Similarly, multiple strategies can be assessed across scenarios to understand potential impacts. It’s no surprise that strategies appearing profitable in good times could quickly erode, should the economy take a turn for the worse; however not all strategies have the same sensitivities. As a matter of fact, some strategies may have resilience in certain downturns that make them even more advantageous. Through stress testing, these behaviors can be better understood and provide management with useful information as they assess which strategies are deserving of capital support.
You will be participating in a panel discussion that provides dialogue around lessons learned in CCAR implementation – What are some of your lessons learned (the good, the bad or the ugly)?
DB: I think in this cycle, we really experienced the importance of process. With high capital levels and a ‘survivor-biased’ loan profile, the last couple stress tests have shown that it seems to be less about the quantitative aspects and more about the qualitative; it's about your ability to do the work, and do it effectively and efficiently. It's about establishing a process and managing the handoffs and timelines within it. When you have that established, heightened focus can be placed on the analysis.
I think all institutions have learned this one, but it's the most difficult to adhere to; you have to document your assumptions. I’m sure many institutions have learned that if it’s not documented, it didn't happen...or at least you can't show it to the regulators, or to internal audit for that matter. The difficulty is how to document all your assumptions and work in a digestible way. I can see this aspect going through many evolutions as institutions work to make the submissions as clear and concise as possible.
Related to this last comment is internal communication. Poor communication between business lines and the stress testing group, for example, could result in new products and/or strategies planned for the near future being excluded from your submission. The stress testing group has to be communicating regularly with the lines of business (and your budgeting/planning groups) to ensure the stress test doesn't result in material differences/inconsistencies in the near term.
What are a few peaks and pitfalls you have discovered in applying scenario analysis and sensitivity analysis to determine emerging risks?
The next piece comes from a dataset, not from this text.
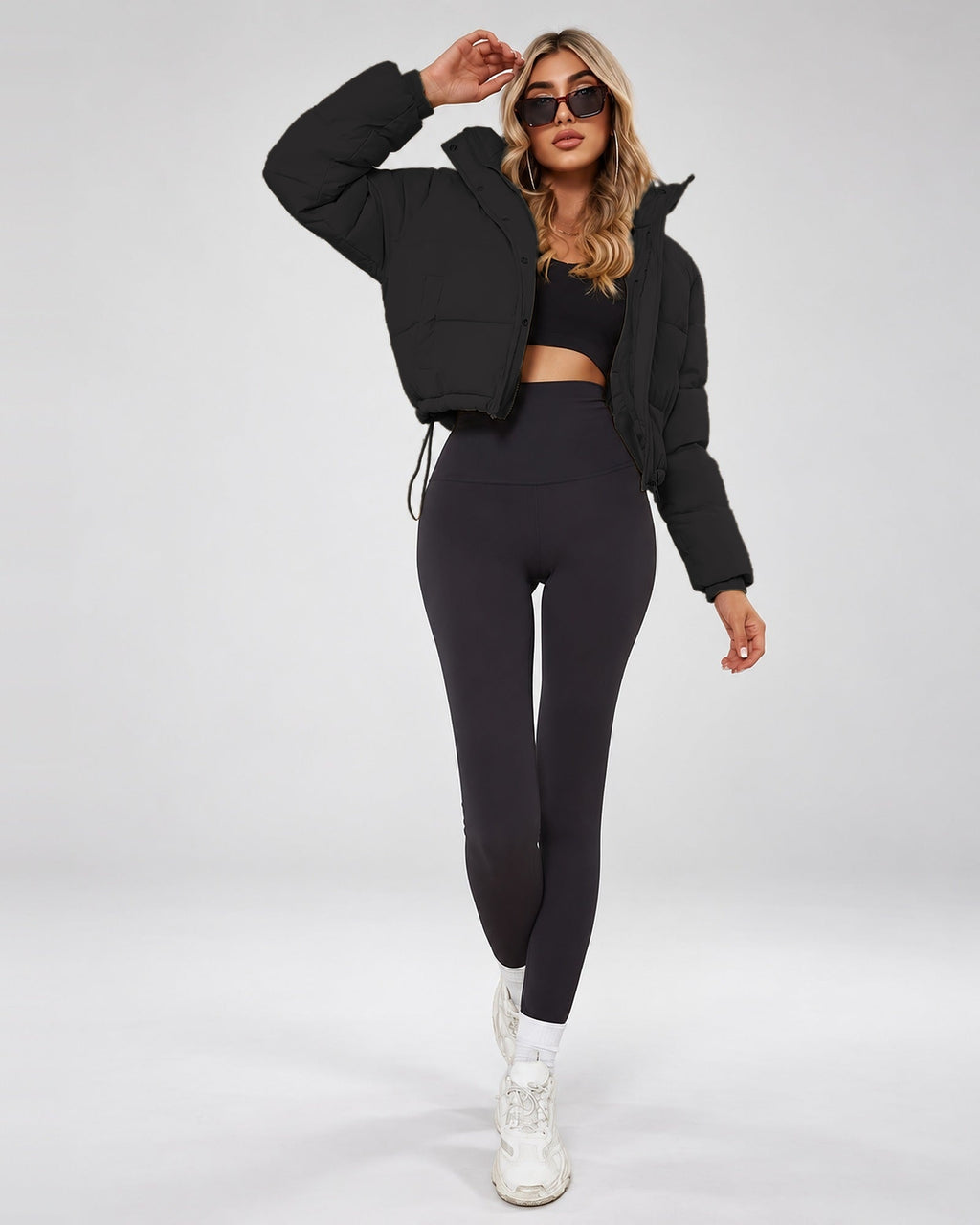 Women's Cropped Hooded Puffer Jacket with Zip Front and Drawcord Hem in Black – studio view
DB: I think the most obvious is data. Depending on the risk you are attempting to assess, you may not have a good 'model' for how this risk will manifest in a given scenario; and even if you do, how do you approximate correlations with other variables? Understanding the drivers of your exposures will help identify what variables you know to care about; assessing them at various levels of stress will provide sensitivities. This leaves a few other important aspects to tackle; unknown drivers and the impacts of correlation.
Historical analysis helps identify drivers of portfolio performance but only backwards-looking. Other drivers could be out there, but they haven't shown up yet. Through the modeling process, discussions with the front line can help bring these to the table. Applying some expert judgment can gauge the priority of incorporating these into stress scenarios.
Correlations can be viewed the same way. Historical data may not capture the potential 'breaks' that occur under a particular set of stress conditions. There are many 'severely adverse' scenarios and no two would likely have the same set of correlations. Testing the correlations, and not just the levels, of your portfolio drivers will help identify these hidden emerging risks.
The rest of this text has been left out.